On Building Corporate Value starts with basics. “The purpose of economic activity,” the authors posit up front, “is to build value.” Later they suggest that nature of the Internet does not allow one business to dominate, so, “The competitive advantage in e-business is often based on managing collaborative relationships with key partners.” They point out that the Internet is not a cheap medium, but is a convenient one, a comment that brings to mind the approach of Bob Pittman when he originally joined AOL in Dulles in the mid-1990s to resolve the argument then raging between technology savvy early adapters and mainstream customers looking more for convenience.

 

The authors then add insights, such as: Ebay not only expands the size of the market, it enhances value by allowing more buyers to bid.

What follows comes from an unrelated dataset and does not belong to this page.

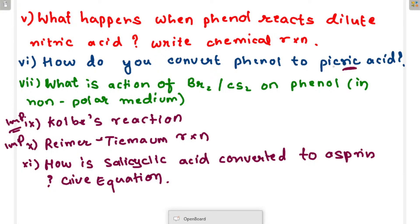Okay, so now you should write down: what is the action of Br2 and CS2, and phenol in nonpolar medium — that is important. Next, Kolbe's reaction, Reimer-Tiemann reaction — how is salicylic acid converted to aspirin. You can solve a space bit video. Next, note down Markovnikov's rule.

In a Wharton conference proceeding, Pitney Bowes CEO Michael J. Critelli remembers author Ian Morrison's maxim that "in any revolutionary technology, the pace of change is overestimated in the short run and the magnitude of change is underestimated in the long run." Author Mittelstaedt's M3 treatise on "managing multiple mistakes" is particularly useful as one of the 14 selected readings included in the book's appendix.

 

And finally, the authors pose some provocative questions. “What is the cost of losing customers by not having the technology support that they expect?” inevitably drives a defensive analysis.

 

Interestingly enough, online consumers may find some reassurance in the book, too. The Internet gives greater power not only to smaller businesses, but to consumers in information, knowledge and understanding before a transaction takes place. Ultimately Internet-based businesses succeed to the extent that endeavors reinforce, not challenge, the way humans do business.

 

The bottom line evaluation is that through philosophy, theory, frameworks, models and commentary, On Building Corporate Value succeeds by its own measure. The value from revealing truths and fiction about the Internet and e-business is something all can appreciate. Just as Webvan's failure proves self-deception can be as destructive in business as in politics, Tesco's success in the same sector proves IT and Internet technologies can make an existing and successful shopping process more efficient and convenient for those who want it.